Review: TOWERS OF MIDNIGHT overcomes Middle Book Syndrome

Towers of Midnight is the thirteenth and penultimate book in Robert Jordan’s The Wheel of Time series. I’ve been reading this series off and on for about six years. It took me some time to get through this book, primarily because I wanted to savor it, rather than rush through it to get to the end. That was a wise decision.

I consider this installment a “middle” book for two reasons.

  1. The Gathering Storm (book 12), Towers of Midnight (book 13), and A Memory of Light (book 14) are very clearly the final act in this sprawling series, narratively.
  2. They are also the final act in their production. Sanderson worked with the editor, Jordan’s widow, to split the final act into three books, and produced these three volumes.

This review contains spoilers for this book and those preceding it in The Wheel of Time.

So when I say that Towers of Midnight overcomes Middle Book Syndrome, I really mean that as a transitionary book to build to the climax that is surely waiting in A Memory of Light, this book succeeds.

Towers of Midnight is a compelling read jam-packed with fascinating plot lines centered around our main characters, especially Mat and Perrin, but also Elayne and Egwene. Other staple characters like Faile, Nynaeve, Lan, Galad and Gawyn also build towards a rich narrative.

It is very much a middle book in that these plot lines serve to close out long-running narrative threads, such as Perrin’s rise to leadership, Mat’s shifting focus back towards Rand and the Last Battle, Egwene’s cementing of her power as Amyrlin, and Elayne’s marshaling of power around her throne in Caemlyn.

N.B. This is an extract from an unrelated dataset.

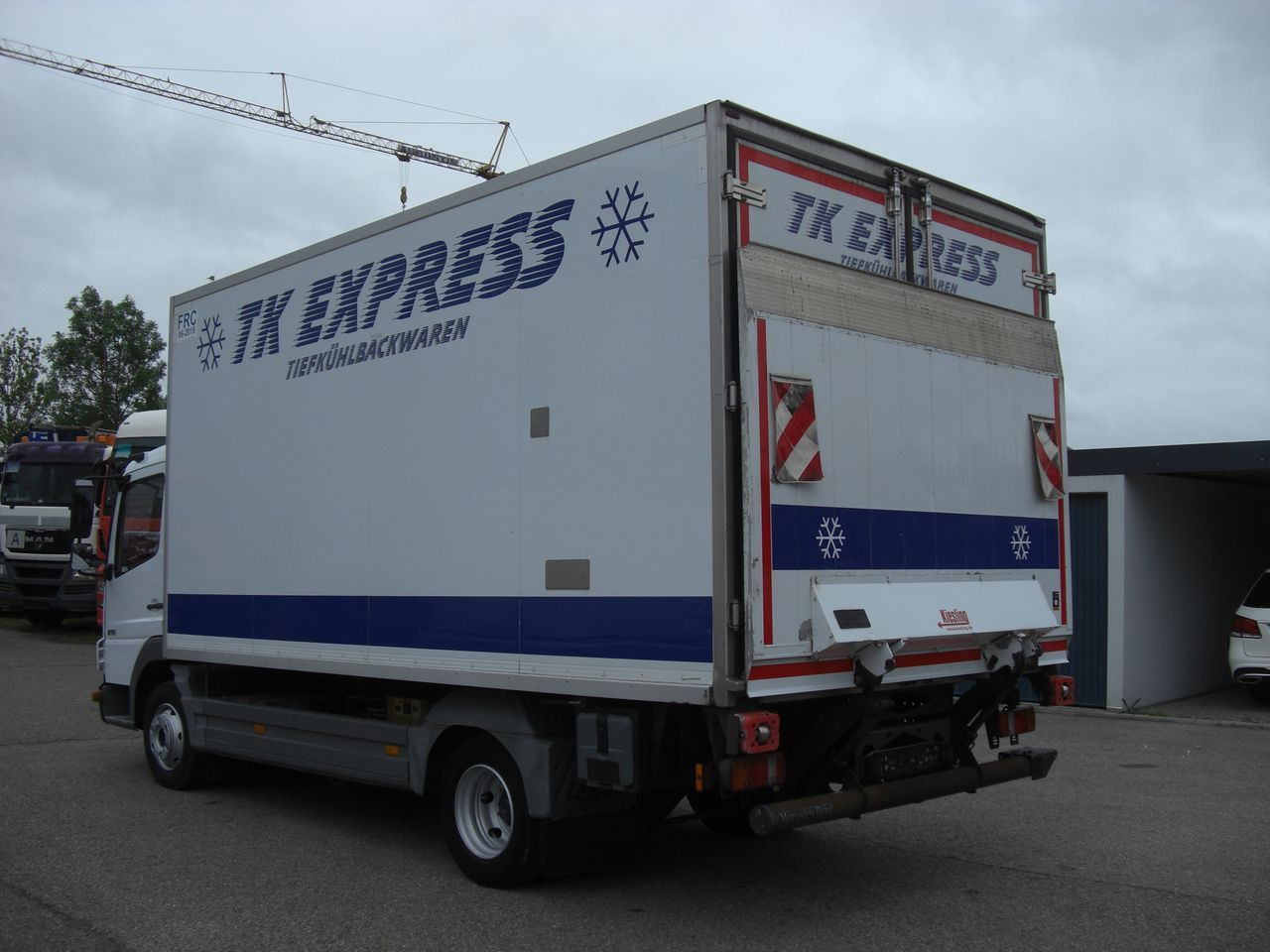 Mercedes-Benz 816 / Tiefkühler / LBW Mercedes-Benz 816 / Tiefkühler / LBW - כלי רכב מסחרי לקירור: תמונה 4 Mercedes-Benz 816 / Tiefkühler / LBW Mercedes-Benz 816 / Tiefkühler / LBW - כלי רכב מסחרי לקירור: תמונה 4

These characters are shifting, slowly and inexorably, towards the Last Battle. In doing so, Towers of Midnight necessarily takes on the hefty task of transitioning the characters, all of the hundreds of characters, and the reader into Tarmon Gaidon.

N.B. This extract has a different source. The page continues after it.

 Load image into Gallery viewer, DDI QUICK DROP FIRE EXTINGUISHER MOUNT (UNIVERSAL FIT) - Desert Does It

That’s not to say that A Memory of Light opens with the Last Battle and is one massive compendium of fighting. (I’m a few pages in and can confirm this is not the case.) But after 13 novels of ever-increasing length and complexity, everyone is facing the same direction: towards The End.

Some sections of the book drag a bit — Perrin’s training in the wolf dream with Hopper and his inevitable face-off with Slayer took me a bit to get through, both because of the tension that had been built and because I wanted to get past it. Still, I understood in the moment that his realization and acceptance of his true self was necessary to Perrin’s facing of the Whitecloaks.

Overall, though, Sanderson churns through these plot lines and still manages to provide some surprises, some poignant moments, and some clean breaks with narrative threads that would no longer serve the end of this series.

After the numerous books I struggled to get through, or even to understand at points because they were so weighed down with characters about whom I could not bring myself to care, I’m honestly still a little awestruck at how neatly Towers of Midnight, and The Gathering Storm before it, have brought us to this point.

Like I said, I’ve already started A Memory of Light. I’m thrilled and simultaneously reluctant to get to the end of this series. That, I think, is testament enough to its storytelling power.